Tout comme les petits rats doivent désapprendre la danse à leur entrée à l’École de Danse, il faut parfois désapprendre un ballet pour mieux en apprécier une nouvelle production. Le Roméo et Juliette chorégraphié par Charles Jude, Tybalt de légende, s’inspire directement de la version Noureev entrée au répertoire de l’Opéra de Paris en 1984. On n’en saura pas plus sur les intentions du chorégraphe, le programme du spectacle (qui comporte par ailleurs une passionnante analyse de la partition de Prokofiev) étant pour le moins lacunaire au sujet de cette création de 2009 pour le Ballet de l’Opéra de Bordeaux.
Roméo et Juliette, plus qu’une histoire d’amour impossible, c’est la confrontation entre deux mondes : la trivialité de la foule élisabéthaine, visible dans les scènes de marché, et l’amour sublime que se portent les deux jeunes premiers issus de la noblesse. En souhaitant "exacerber la passion amoureuse", Charles Jude fait la part belle à ce deuxième univers : les décors très épurés de Philippe Miesch et les costumes géométriques de Pierre-Jean Larroque renvoient une image lisse et intemporelle bien loin de la société dépeinte par Shakespeare. Les tableaux sont réduits à quelques lignes de perspective ornées d’ombres chinoises lors du bal et d’une lune démesurée pendant le pas-de-deux du balcon. On troquerait volontiers les trois artistes de cirque qui occupent l’arrière-scène au 2e acte contre quelques marchands de poisson pour animer un peu cette scène immaculée.
La perfection du corps de ballet, qui a encore chipé quelques talents à celui de l’Opéra de Paris cette saison, renforce cette sensation de propreté. Les ensembles sont à l’unisson, ceux des hommes particulièrement impressionnants (un bel hommage au maître), les corps allongés par des bras perpétuellement tendus vers le ciel sans qu’on comprenne vraiment pourquoi. Les alignements impeccables des Capulets et Montaigus sont heureusement troublés par les affrontements à mains nues puis au fleuret à l’acte I, qui durent assez longtemps pour bien camper le propos. Dommage que la scène soit coupée sitôt la paix conclue entre les deux familles, sans attendre le rebondissement et la confrontation finale. La ronde où se mêlent filles et garçons des deux clans à l’acte II n’est pas sans rappeler la soirée dansante de West Side Story.

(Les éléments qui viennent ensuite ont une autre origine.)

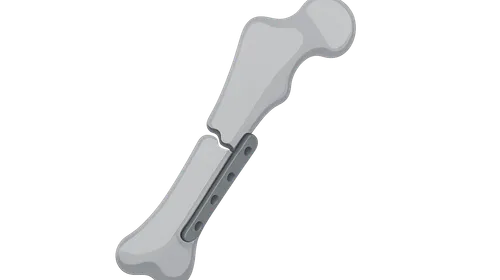 Principles of Fracture Management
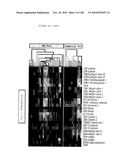 EXPRESSION PROFILE OF PROSTATE CANCER diagram and image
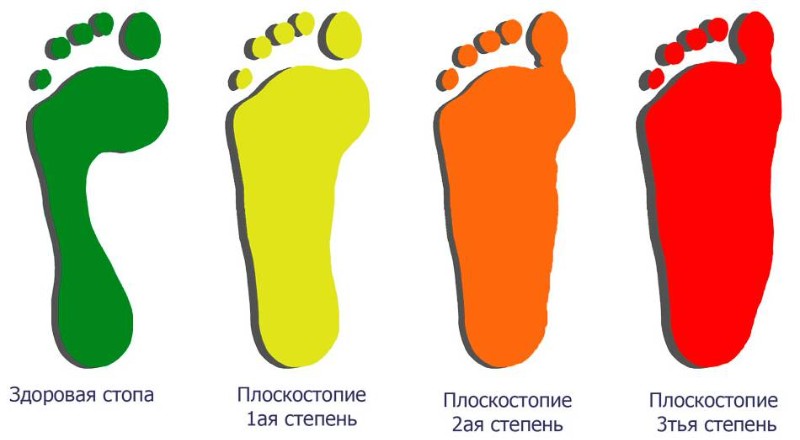 степень плоскостопия степень плоскостопия
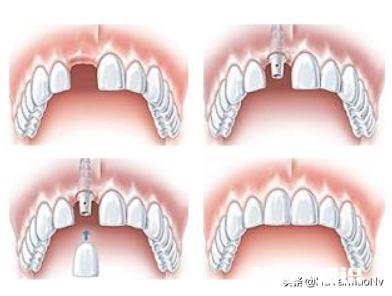 为什么牙医都说种植牙好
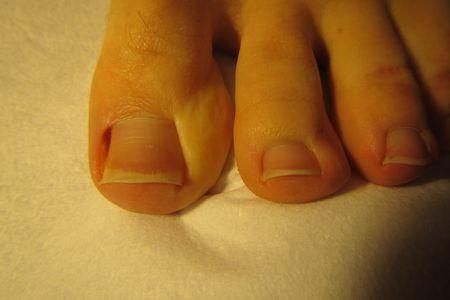 Kobiece palce u stopy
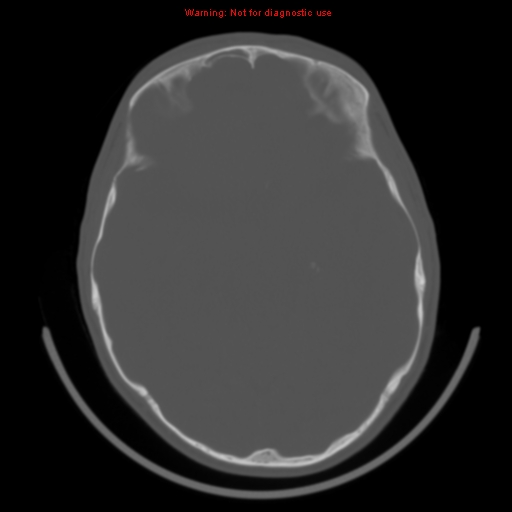 File:Neurofibromatosis type 2 (Radiopaedia 8953-9732 Axial bone window 16).jpg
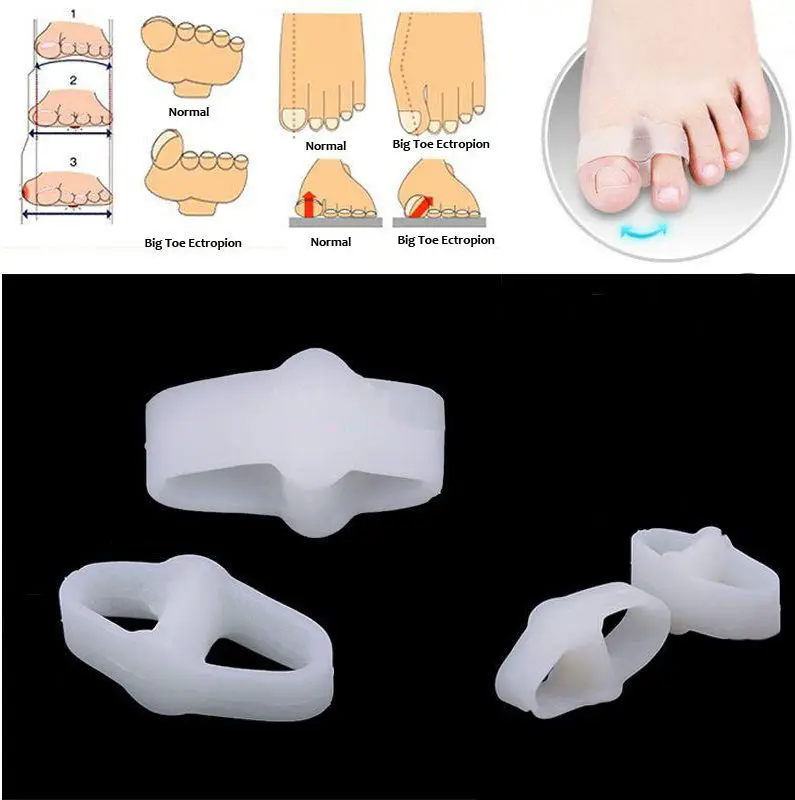 

1 Pair Of Toe Separators Stretchers Straighteners Alignment Bunion Gel 2 Holes Pain Relief Foot Care Tools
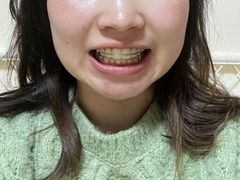 -极光口腔·矫正种植修复(锦江店)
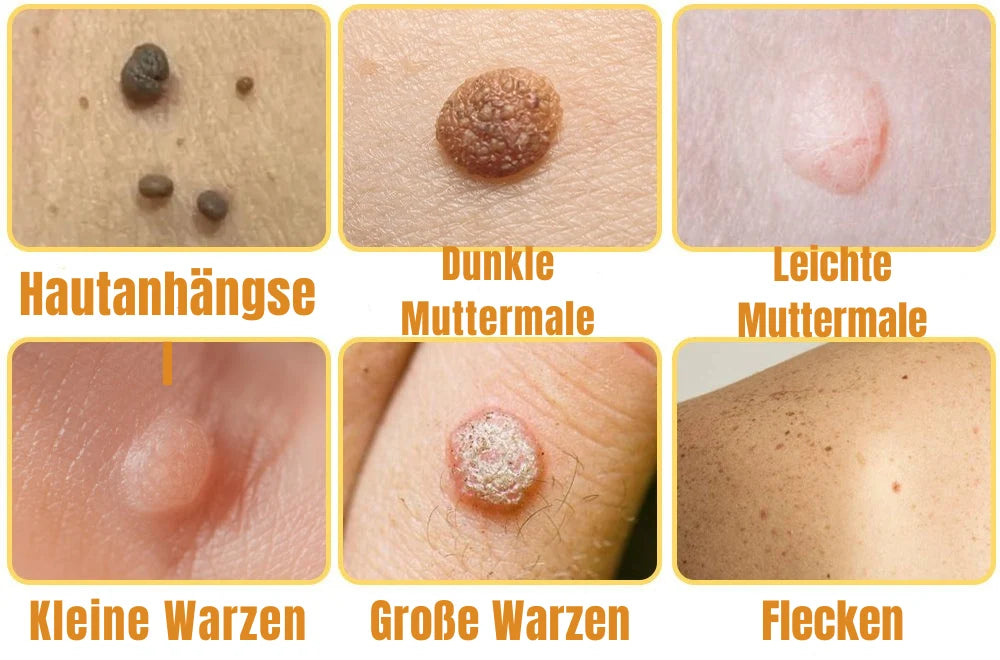 Wart & Skin Tag Remover Pain-Free Spray 20ml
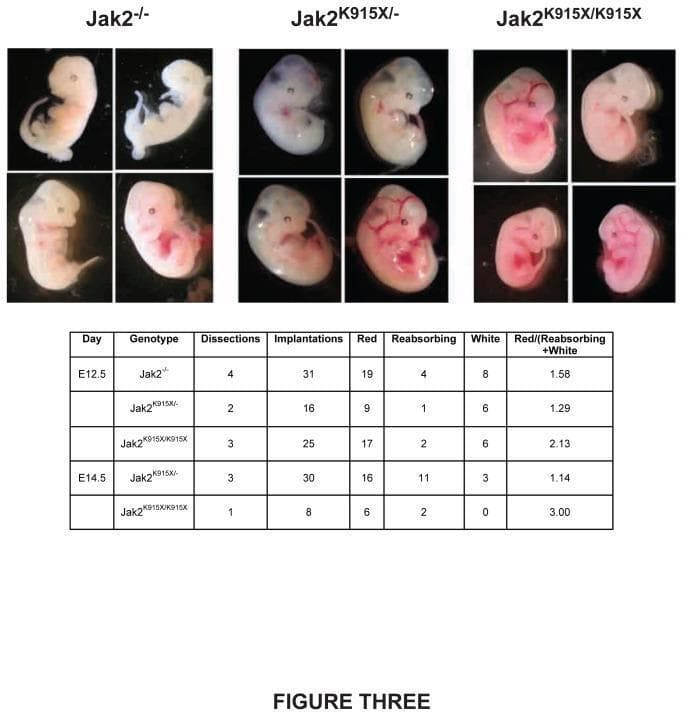 Educational medical graphic presenting a comparative analysis of embryonic development in mouse models with different Jak2 mutations. The upper portion contains clinical photographs of representative embryos at gestational stage E12.5, categorized by genotype: Jak2-/-, Jak2 K915X/-, and Jak2 K915X/K915X. The Jak2-/- embryos appear predominantly blanched and white, indicating severe anemia or impaired erythropoiesis. The Jak2 K915X/- group shows variable phenotypes from white to partially red, while the Jak2 K915X/K915X homozygous mutants appear notably redder, suggesting improved vascularization or red blood cell production. Below the photographs, a clinical data table summarizes quantitative findings from dissections at stages E12.5 and E14.5. The table lists genotypes against implantation counts and developmental outcomes, categorized as 'Red' (healthy), 'Reabsorbing' (terminal), or 'White' (anemic). This resource illustrates the impact of Jak2 mutations on fetal hematopoiesis and embryonic viability, demonstrating how specific mutations like K915X may modulate the lethal null phenotype.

L’ouverture du bal est grandiose avec ses envolées de robes pourpres (on remarque tout particulièrement les longues lignes de Claire Teisseyre), pourtant on s’y ennuie rapidement, par manque de rythme ou d’intensité dans les actions dramatiques. Ashley Whittle capte toute l’attention : son Mercutio truculent parvient à lui seul à faire vivre toutes les scènes où il est présent. Sa grotesque imitation des affres de l’amour lui permet également de démontrer sa virtuosité, dans des sauts puissants et des pirouettes effrénées. Laure Lavisse apporte sa gaieté et son sourire mutin au personnage souvent creux de Rosaline, Kase Craig donne en revanche peu de relief au narcissique Pâris, qu’il incarne sans la moindre attention à l’égard de sa fiancée. Davit Gevorgyan, souple et hautain Tybalt, évoque irrésistiblement Charles Jude lorsqu’il entre en scène : son jeu trouve toutefois peu de répondant chez celui de Lady Capulet, un instant dédaigneuse, le suivant éplorée, ni celui du peu autoritaire Lord Capulet.
Dans le rôle des amants maudits de Shakespeare, Roman Mikhalev et Vanessa Feuillate maîtrisent l’art de l’évitement. Juliette danse le ballet entier sans un regard pour Roméo, lequel a toujours le visage tourné vers elle sans parvenir à établir un contact. Le très attendu baiser de main "paume contre paume" est à peine esquissé au moment de la rencontre et les deux jeunes gens meurent sans qu’on soit certains qu’ils se soient jamais trouvés. Le professeur d’adage évoquait samedi lors des Démonstrations de l’École de Danse l’importance de l’intention et du regard, qui peuvent faire toute la différence lors d’un pas-de-deux. C’est cette intention et ce regard qui m’ont cruellement fait défaut tout au long de la représentation ce dimanche.
Roméo et Juliette de Charles Jude, par le Ballet de l'Opéra de Bordeaux, au Grand-Théâtre de Bordeaux. Avec Roman Mikhalev (Roméo), Vanessa Feuillatte (Juliette), Ashley Whittle (Mercutio), Davit Gevorgyan (Tybalt), Laure Lavisse (Rosaline) et Kase Craig (Pâris). Dimanche 22 décembre 2013.